Perturbation and Control of Human Brain Network Dynamics
The human brain is a complex organ characterized by heterogeneous patterns of interconnections. New non-invasive imaging techniques now allow for these patterns to be carefully and comprehensively mapped in individual humans, paving the way for a better understanding of how wiring supports our thought processes. While a large body of work now focuses on descriptive statistics to characterize these wiring patterns, a critical open question lies in how the organization of these networks constrains the potential repertoire of brain dynamics. In this talk, I will describe an approach for understanding how perturbations to brain dynamics propagate through complex writing patterns, driving the brain into new states of activity. Drawing on a range of disciplinary tools – from graph theory to network control theory and optimization – I will identify controlpoints in brain networks, characterize trajectories of brain activity states following perturbation to those points, and propose a mechanism for how network control evolves in our brains as we grow from children into adults. Finally, I will describe how these computational tools and approaches can be used to better understand how the brain controls its own dynamics (and we in turn control our own behavior), but also how we can inform stimulation devices to control abnormal brain dynamics, for example in patients with severe epilepsy.

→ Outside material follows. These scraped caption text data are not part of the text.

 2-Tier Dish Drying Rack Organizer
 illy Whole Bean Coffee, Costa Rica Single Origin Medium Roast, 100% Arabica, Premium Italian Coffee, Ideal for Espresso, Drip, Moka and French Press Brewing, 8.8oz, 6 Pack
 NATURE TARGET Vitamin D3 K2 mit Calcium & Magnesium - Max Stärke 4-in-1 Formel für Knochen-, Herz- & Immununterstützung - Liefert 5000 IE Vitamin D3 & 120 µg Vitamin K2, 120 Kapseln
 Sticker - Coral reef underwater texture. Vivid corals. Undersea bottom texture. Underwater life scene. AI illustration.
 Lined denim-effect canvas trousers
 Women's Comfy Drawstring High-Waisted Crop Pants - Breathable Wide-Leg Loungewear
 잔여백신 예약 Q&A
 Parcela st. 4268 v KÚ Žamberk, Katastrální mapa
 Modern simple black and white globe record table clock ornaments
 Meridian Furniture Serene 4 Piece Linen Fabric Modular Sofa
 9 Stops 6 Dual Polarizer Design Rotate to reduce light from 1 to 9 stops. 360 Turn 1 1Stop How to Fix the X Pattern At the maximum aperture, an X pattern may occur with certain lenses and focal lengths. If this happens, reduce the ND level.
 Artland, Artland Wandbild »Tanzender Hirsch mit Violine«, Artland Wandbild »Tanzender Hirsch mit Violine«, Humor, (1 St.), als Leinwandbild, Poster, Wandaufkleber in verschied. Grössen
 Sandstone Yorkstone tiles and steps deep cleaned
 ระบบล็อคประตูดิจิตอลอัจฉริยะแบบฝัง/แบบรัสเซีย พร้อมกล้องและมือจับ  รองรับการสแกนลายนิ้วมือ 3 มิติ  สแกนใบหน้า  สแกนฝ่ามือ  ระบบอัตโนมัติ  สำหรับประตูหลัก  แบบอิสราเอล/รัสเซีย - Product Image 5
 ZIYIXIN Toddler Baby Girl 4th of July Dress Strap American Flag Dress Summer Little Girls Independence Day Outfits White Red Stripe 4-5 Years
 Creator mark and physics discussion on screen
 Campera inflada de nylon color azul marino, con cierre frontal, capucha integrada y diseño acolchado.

Professor Danielle Bassett
Danielle Bassett is a physicist and systems neuroscientist who was the youngest individual to be awarded a 2014 MacArthur fellowship. She was also awarded a 2014 Sloan fellowship. Bassett is the Skirkanich Associate Professor of Innovation at the University of Pennsylvania, where she applies network science to the study of learning in the human brain in addition to the study of other complex physical and biological systems. She received a B.S. in physics from Pennsylvania State University in 2004, and her Ph.D in physics from the University of Cambridge in 2009.